わたしのネイルを褒めないで

 

わたしは大学時代からずっとジェルネイルをしている。就活時などに外すことはあったものの、仕事柄わりと派手目なデザインもOKとされているので、ラメの魔法をずっと爪先に施してきた。

 

今、諸事情でジェルネイルをお休みしている。わたしにとって素の爪を見られることは、すっぴんを見られるより恥ずかしい。

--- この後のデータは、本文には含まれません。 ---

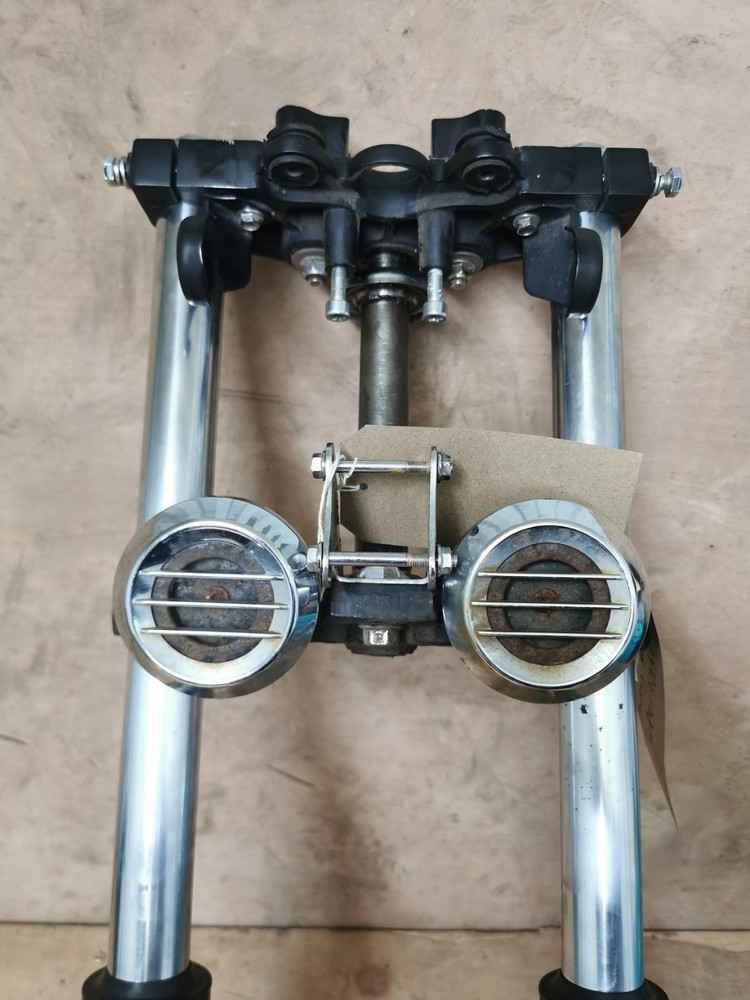keeway superlight 125 Complete Front Forks And Yoke 2016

休みの日にはマニキュアを塗っているが、正直全くときめかない。何も塗らないよりはマシ、程度の効果しかない。

 

そんな未完成で惰性的なわたしのネイルを「可愛いね」などと褒めないでほしい。いや、めちゃくちゃ我儘だな?というのは分かっている。褒めている方は何の悪気もなく、むしろ本当に可愛いと思ってくれているのかもしれない。でも、でも、わたしの可愛いって“これ”じゃないんだよな。

 

例えば手を抜いたメイクの日。例えば可愛さより楽さを優先した服を着た日。

そんな日に褒められたところで、いや、違う。これはわたしの思う可愛いじゃない。と思ってしまう。

褒められて嬉しいはずなのに、それと同時に悲しく虚しくなってしまうアンビバレントな感情。